Archbishop Villegas of Lingayen-Dagupan in a statement posted Aug. 27 on the portal of Manila archdiocese’s Veritas 846 radio said aside from displacing, killing and torturing people, the violence by Islamic State and other militants in Iraq and Syria supposedly to build an Islamic nation, has defaced religion.

He appealed to Filipino Catholics to “counter the defacement of religion” by practising mercy, compassion and love. He also appealed to Philippines bishops to collect money to help victims, assuring that the CBCP will see to their delivery to appropriate Church authorities in Iraq and Iran.

Following is the full text of Archbishop Villegas’ appeal posted on Veritas 846

Archbishop Socrates Villegas of Lingayen-Dagupan walks back to the plenary hall at Pope Pius XII Catholic Center after a break in the 2012 plenary assembly of the Catholic Bishops' Conference of the Philippines which he now serves as President. - NJ Viehland Photos

Archbishop Socrates Villegas of Lingayen-Dagupan walks back to the plenary hall at Pope Pius XII Catholic Center after a break in the 2012 plenary assembly of the Catholic Bishops’ Conference of the Philippines which he now serves as President. – NJ Viehland Photos

Before a horrified world, militants, without compunction and in utter mercilessness, beheaded journalist James Foley.

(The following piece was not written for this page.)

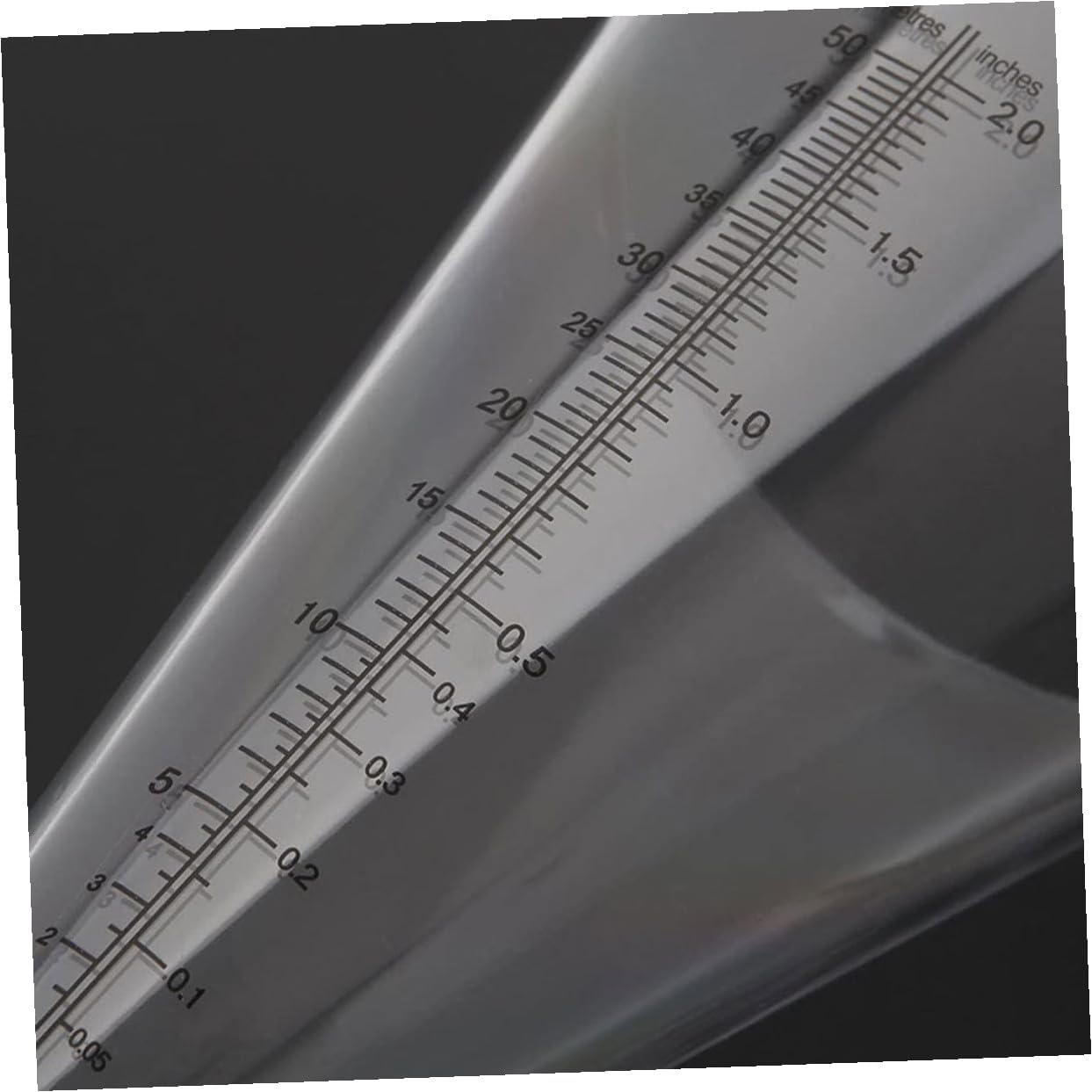 Luxshiny 2Pcs Transparent Cone Rain Gauge Outdoor Rain for Gardening Farming Irrigation Control Plastic Rainfall Measurement Tool image number 6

He may not have died for the faith, but he certainly died, a person of faith, we are told by those who were with him in his last days. Pope Francis sent his grieving family a personal message of condolence. We join our prayers to those of our Holy Father that James may find solace in the bosom of our Loving Father.
James is one of the thousands who now suffer because of the ruthlessness of ISIS (The Islamic State of Iraq and Syria) and militant groups of like persuasion and brutality. We should be particularly appalled that children have not been spared. Among the bodies that the rampaging onslaught has left in its wake are those of hapless infants and children — they who are not deserving of any punishment or suffering at all! Thousands have been displaced and must now live as refugees in often squalid conditions because of those who take it upon themselves to kill and to terrorize in the name of God.
Not only then are helpless and defenseless persons the victims of the brutal imposition of a rigid and unforgiving version of faith. Religion is as much a victim, for those who kill and slaughter, wound and maim, destroy and burn in the name of God send the world the awful message that religion divides, that faith is oppressive, that belief can engender so much unkindness!
In the Philippines, we will do our part, first of all, to counter the defacement of religion. We will live as our Lord and Master has asked us to live: with love for each other, bearing each other’s burdens, ever forgiving and humbly asking to be forgiven, respecting the freedoms of all, particularly the right to religious belief. “By this shall all know that you are my disciples”; by this do we pray to convince the world that faith in a God of love and mercy can still heal our world, as we trust Him who can make all things new!
But that is not enough. I appeal to our Filipino bishops take up a collection for the needs of the suffering Christians in Iraq and Syria. These collections will be sent to the CBCP that will see to their remittance to the ecclesiastical jurisdictions of Syria and Iraq. While we have our own projects in the Philippines, we cannot put these ahead of the suffering of Christians in that troubled part of our world. They have not only been evicted from their homes.
Their places of worship — many of them, thousands of years old — have been razed to the ground by a godless rage with which no genuine religion can ever identify! For many, the food and drink that sustain life are daily issues. They rise from sleep each day to struggle just to keep themselves alive. We must be generous, and the fact that we have our own needs here in the Philippines does not excuse us from the Christian obligation of sharing with our suffering brothers and sisters from our own need.
Finally, let us be ceaseless in prayer, uniting ourselves with our suffering brothers and sisters, commending to the God who offers himself to us as our future their pains, their shattered lives and dreams, their bereavement and their loss. We pray that even as many of them now see no way out of the misery that has been visited on them, the God who opens paths through the sea and ways in the desert, may make a way for them to the future that can only be His gift!
August 27, 2014, Feast of Saint Monica
+ SOCRATES VILLEGAS
Archbishop of Lingayen-Dagupan
President, CBCP

Related posts

Grieving Pope Francis phones family of slain U.S. journalist Foley
Strength from faith, Rosary – American journalist Foley slain by IS

Related reports:

Saudi Arabia Grand Mufti: terrorism has no place in Islam

Grieving Pope Francis phones family of slain U.S. journalist Foley

Pope Francis from a video screen grab after communion on the Mass at beatification of 124 Korean Martyrs.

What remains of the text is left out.